Comedian Jerry Seinfeld made this view popular by saying: “Most people fear public speaking more than death. Which means at a funeral, the person delivering the eulogy would rather be in the casket than be speaking.”
That, however, is an unfair comparison and the wrong conclusion.
Death is something you should fear since it is not in your hands. However, public speaking is different. Public speaking is a skill that can be learned by anyone who can talk. With the right help and guidance, you can learn the skills required to speak in front of any audience and convey your ideas with clarity and confidence.
Then why don’t more people become public speakers?
Most people believe that great speakers are born with the gift of speaking. Therefore, they often end up listening to speakers in awe, without realizing this is a skill they too can learn.
Here’s the irony. Every speaker I have spoken to admits that they feel nervous before each presentation. As an international leadership coach and public speaking coach, I have met hundreds of people who have a morbid fear of speaking. Even though some people have an innate flair for speaking, the vast majority don’t.
Perhaps more people would pick up this skill if they realized its vital relevance.
Why is this a life-changing skill
Thanks to powerful Internet search engines, most people have almost unhindered access to a vast ocean of information. Therefore, information or knowledge is no longer enough. You can no longer hide behind your qualifications or experience.
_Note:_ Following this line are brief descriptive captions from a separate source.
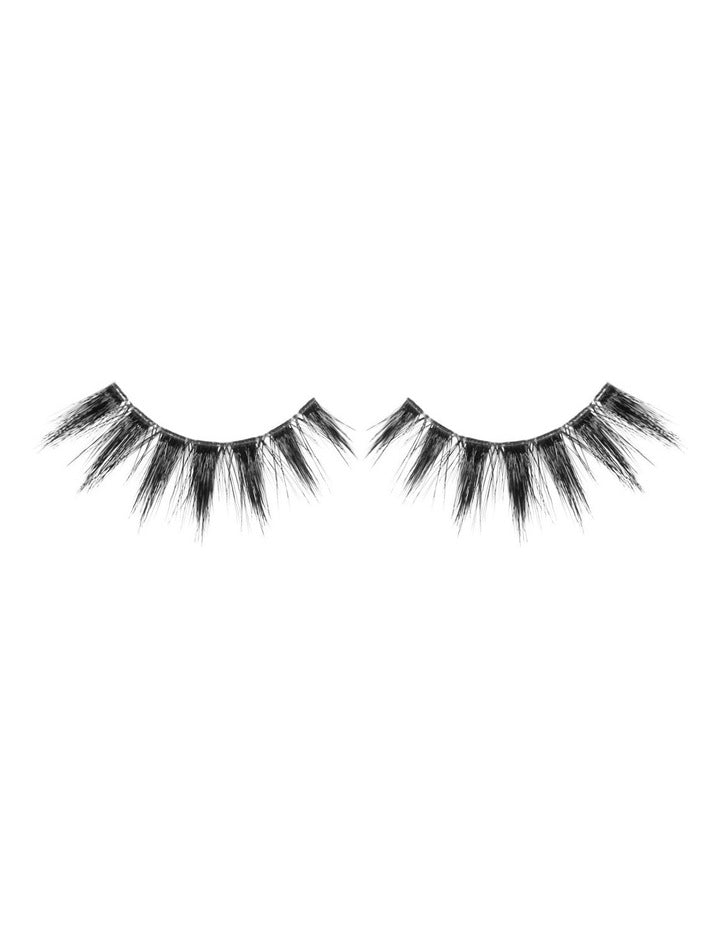 Look Real Faux Dramatic Lashes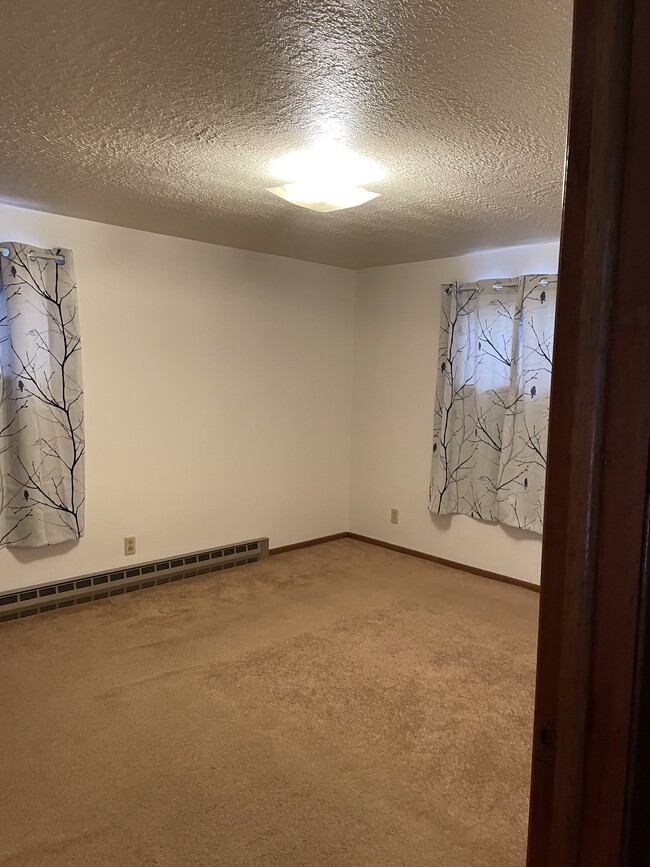 2 bedrooms - 117 3rd St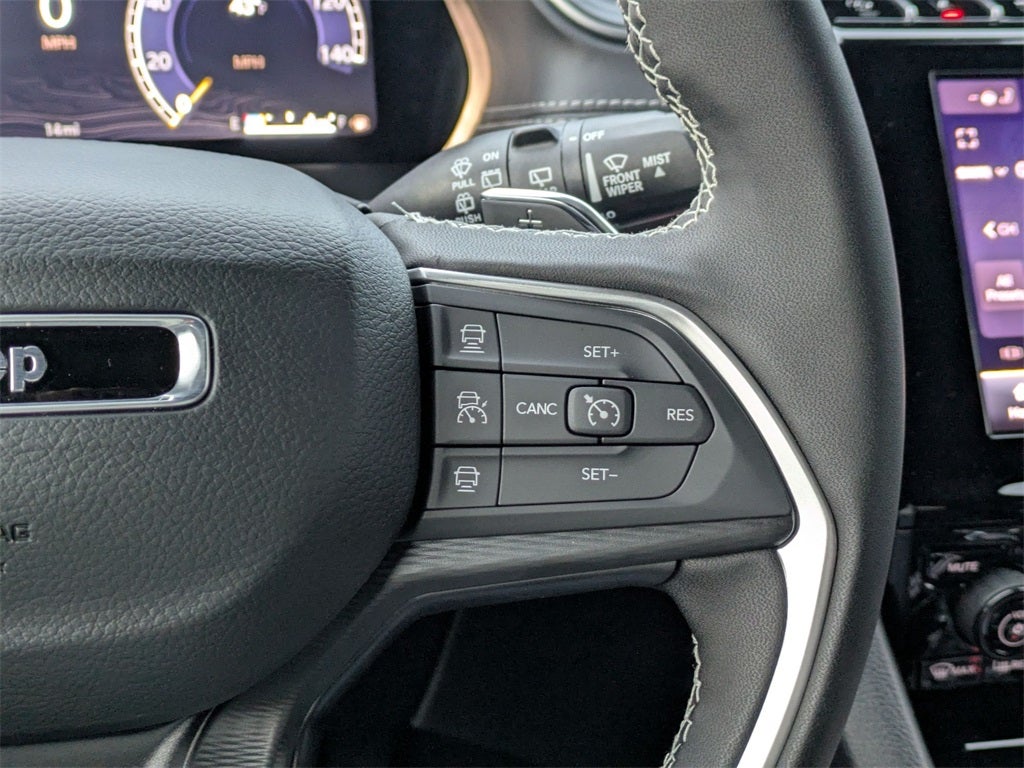 2025 Jeep Grand Cherokee GRAND CHEROKEE LAREDO 4X2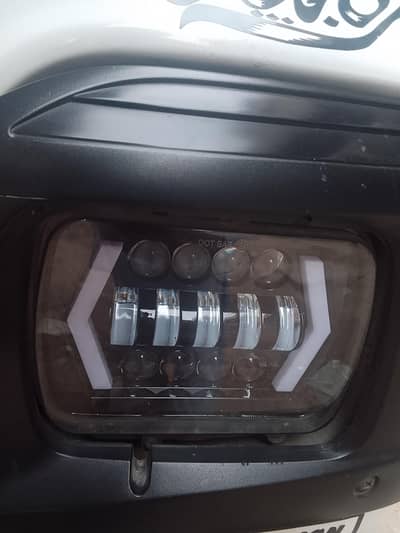 fornt light or anda  light han bilkul new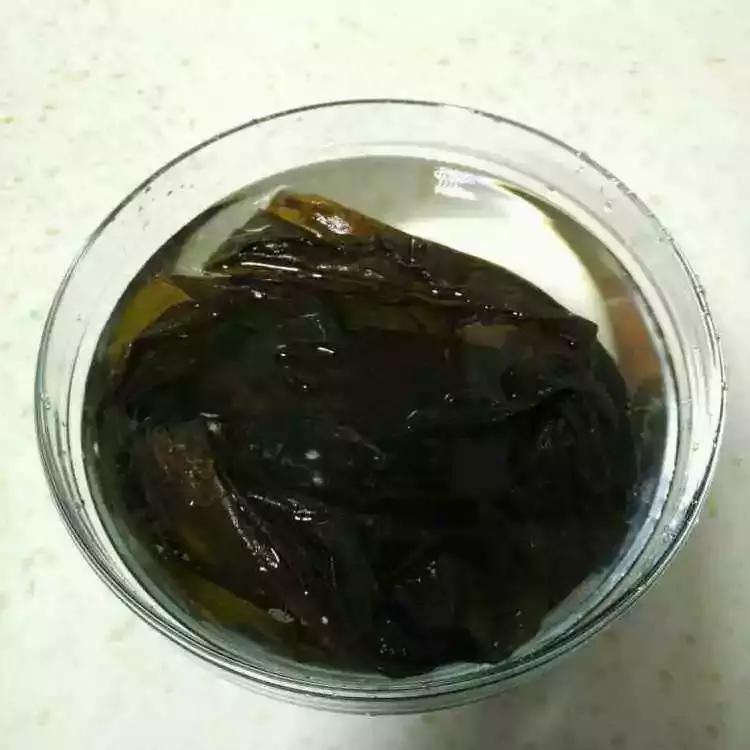 大骨熬好汤骨头捞出来要盖盖子吗,大骨头炖好啦泡在汤里还是捞出来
If you want the edge in your career, the skills of speaking and persuasion are paramount. It is no longer optional. Let’s face it. You are judged by the content of your conversation far more that the content of your CV.
Take a moment to think about what you will gain by mastering these skills in your personal life and in your professional life.
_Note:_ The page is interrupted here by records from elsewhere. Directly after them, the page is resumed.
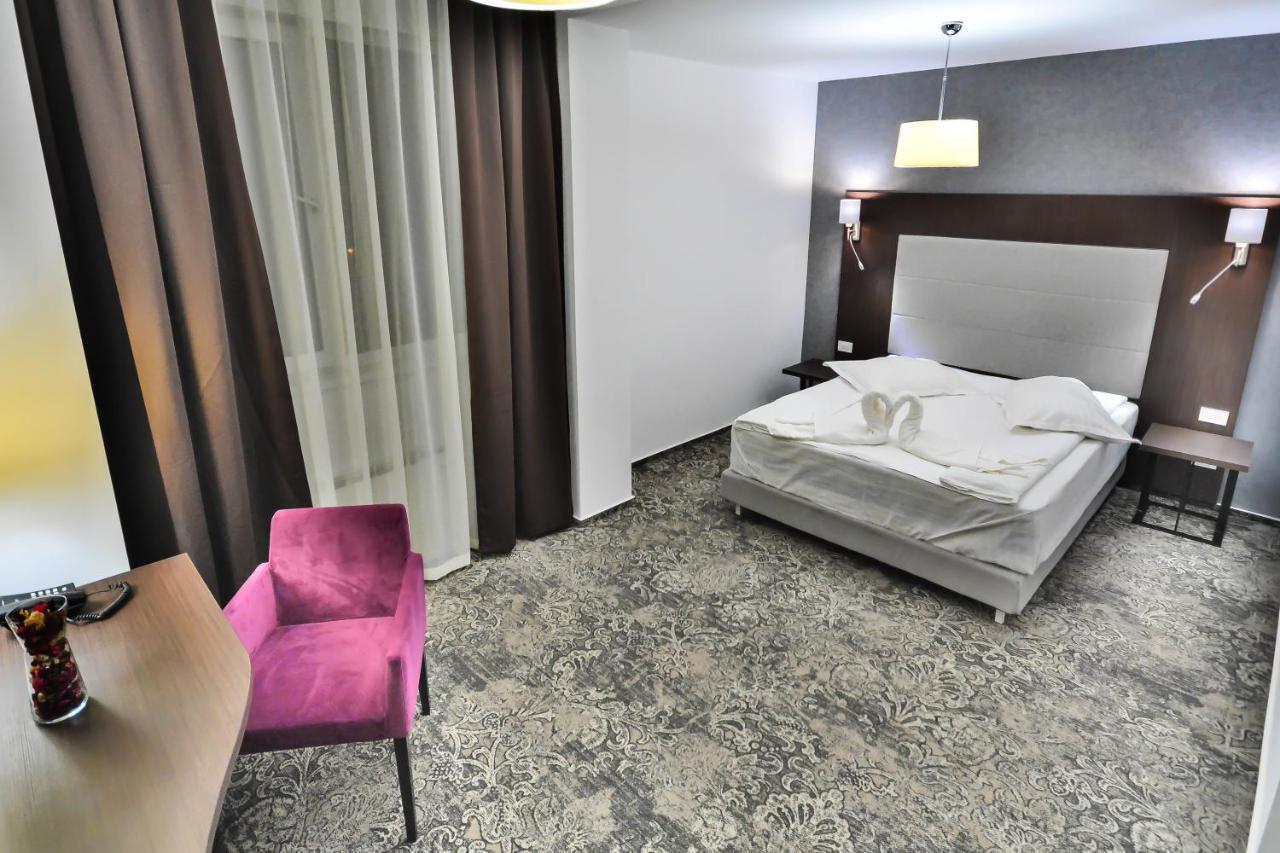 Hotel Europeca Craiova Bagian luar foto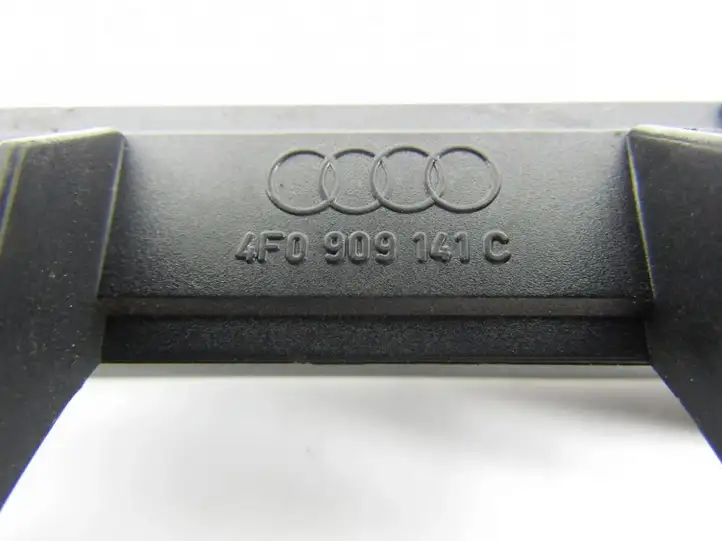 Audi A6 S6 C6 4F (2008 - 2011) GPS антенна — фото 4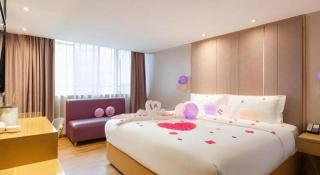 Lavande Hotel Guangzhou Tianhe Park Metro Station - 1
Warren Buffett (the world’s 2nd richest man) used to be terrified of speaking in front of other people. He even skipped the public speaking class he enrolled in, due to the fear of speaking. Later, he would pick up this vital skill. Now, thousands of people travel thousands of miles to Omaha, just to hear him speak.
Buffet was asked in an interview: “What habits did you cultivate that you see as the foundation of your success?”
Buffet said “You’ve got to be able to communicate in life and it’s enormously important. Schools, to some extent, under emphasize that. If you can’t communicate and talk to other people and get across your ideas, you’re giving up your potential.”
Gerald R. Ford once shared his regret. “If I went back to college again, I would concentrate on two areas: learning to write and to speak before an audience. Nothing in life is more important than the ability to communicate effectively.”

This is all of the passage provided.